We embrace life and all its goodness, whether planned or not. Nothing abstract about that.
posted January 30, 2009 at 12:29 pm
“We embrace life and all its goodness, whether planned or not. Nothing abstract about that.”
Of course, the Vatican doesn’t get to dictate U.S. health policy, despite its best intentions.
From a policy perspective, Waldman’s question is sound. The Catholic/Evangelical alliance creates a bizarre world of wanting to ban not just abortion but also family planning policy. They don’t want unplanned pregnancies ended, but they are also unwilling to back public policy that could prevent unplanned pregnancies. They might was well just be handing out quarters to hold between a woman’s legs and a Bible.
There was a time that this coalition made access to contraceptives illegal in many states. In the post-Griswold world, would they attempt it again if given the ability?
posted January 30, 2009 at 1:34 pm
“condoms kidnap the potential lives represented by the sperm”
Mr. Waldman, is this really what the Catholic Church teaches about contraception? It doesn’t sound quite right — perhaps you don’t fully understand the teaching, or slightly misquoted the Catechism or Humanae Vitae.
posted January 30, 2009 at 2:42 pm
Michael,
I agree, that the question is a sound policy inquiry in a secular, areligious paradigm. How can Catholics be called upon to support that which we hold to be immoral?
Contraceptives are hostile to the transmission of new life. After all, that’s why they are made. Now, if the contraceptie fails, follow the logic. Why not be allowed to prevent the delivery of new life? Enter abortion.
Pope Paul VI warned in Humanae Vitae that widespread abortion would follow widespread use of contraceptives. Forty years later, with over 50 million abortions in the US alone, we see how prophetic he was.
Catholic policy is a function of Catholic morality. How could it be anything other?
posted January 30, 2009 at 4:33 pm
Gerard,
Your criticism of my summary of Catholic doctrine on contraception is fair. In attempting to reduce a complex doctrine to a sentence or two I was too glib. I like your summary. More important, those who are interested should read Humanae Vitae.
However, it doesn’t fundamentally change the point which is that for its own reasons — deep theological reasons — the Catholic Church opposes contraception on moral grounds. That creates a serious dilemma if it turns out that contraception reduces the number of abortions. The Church is quite nuanced in its moral theology. For instance, it’s approach to “just war” balances competing factors. My argument is that their birth control position is in tension with their abortion position.
posted January 30, 2009 at 5:29 pm
The critique of Mr. Waldmann’s position by Gerard is spot on.
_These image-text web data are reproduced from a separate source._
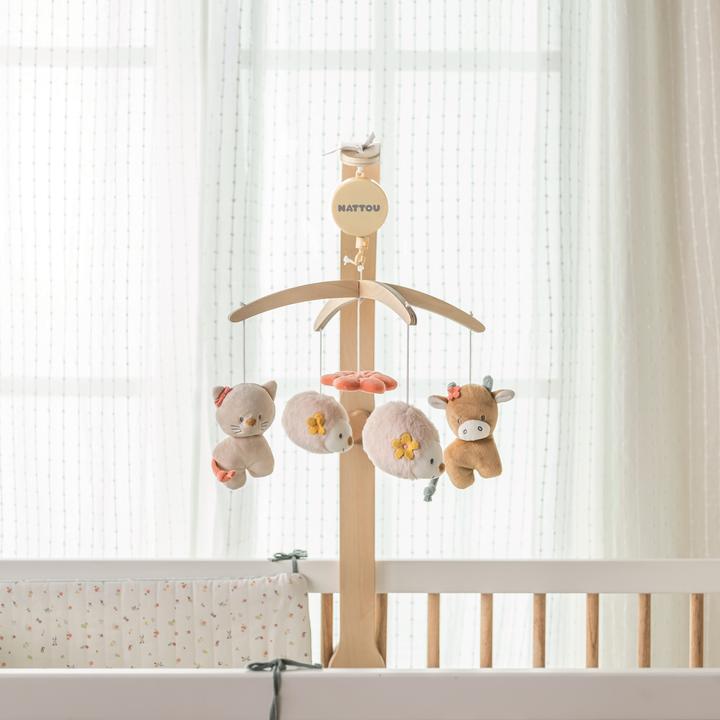 Immagine prodotto Nattou Mila, Lana e Zoë Mobile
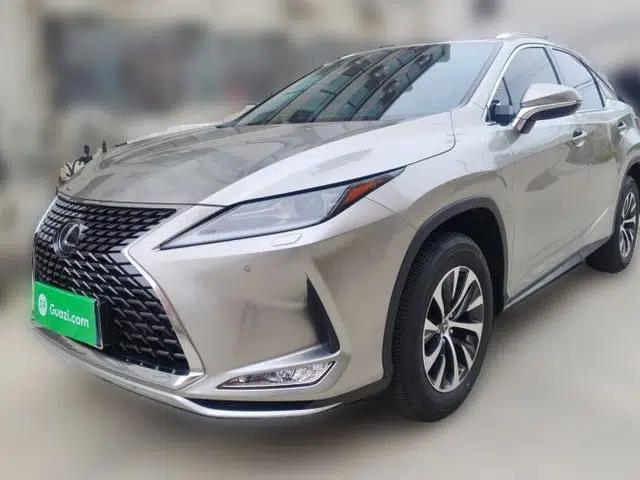 Lexus RX 2020 Revised Version 300 Two-Wheel Drive Elite Edition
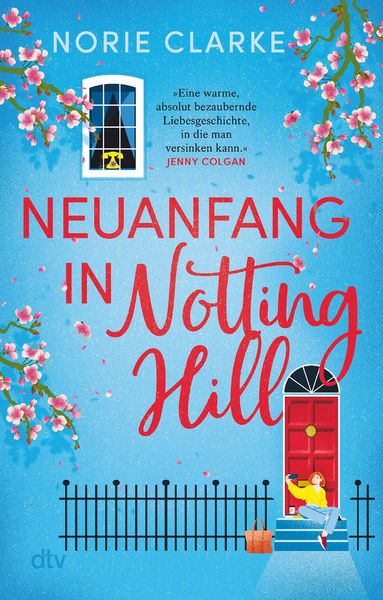 Produktbild: Neuanfang in Notting Hill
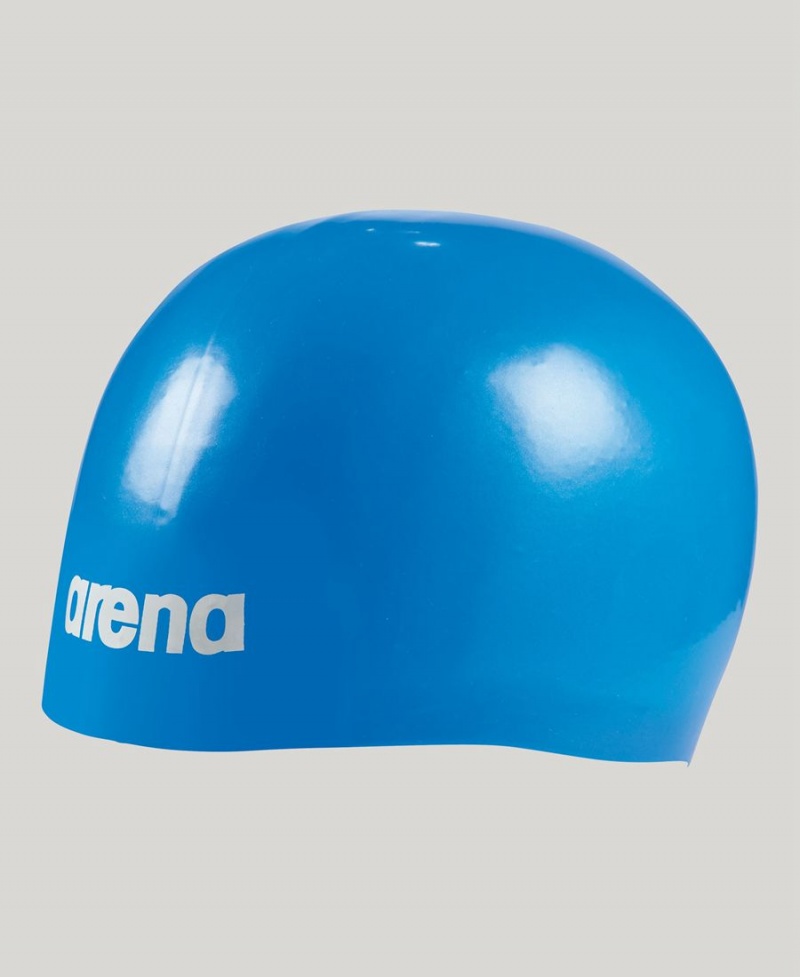 Arena Moulded Pro II Badekappe Blau | TLV16V-410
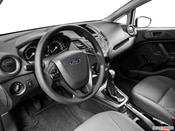 2014 Ford Fiesta Interior: 0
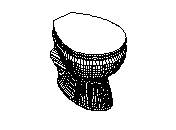 INODORO CORTO 3D.dwg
Mr. Waldmann assumes a fact not in evidence, namely, that expanded use of contraceptives would reduce unwanted pregnancies and, as a result, reduce abortion. However, he fails to recognize that the increase in pre-marital (and extra-marital) sexual activity resulting from the widespread use of contraceptives (which he acknowledges) and the failure rate attendant to their use (even if used correctly, they are not 100% effective, and many, if not most, young people do not use them as intended) results in substantially more pregnancies than would occur if the rate of pre-marital and extra-marital sexual activity had not been increased as a result of the acceptance of contraception in the first place.
The argument which Mr. Waldmann offers (and which is frequently made), therefore, is based on false premises. As a result, the conclusion is also wrong.
posted January 30, 2009 at 5:39 pm
I agree with Steven’s point of the hypocrisy of wanting to stop abortions, but not supporting birth control options for the “lowest” income women. Obama is not advocating paying for birth control for everyone. He is advocating paying for birth control for the population that has the highest percent of abortions.
While the Catholic Church has the right to their beliefs, I would like to see statistics on the Catholic family size difference between now and before birth control pills became available. It has been my observation that the family size is much smaller.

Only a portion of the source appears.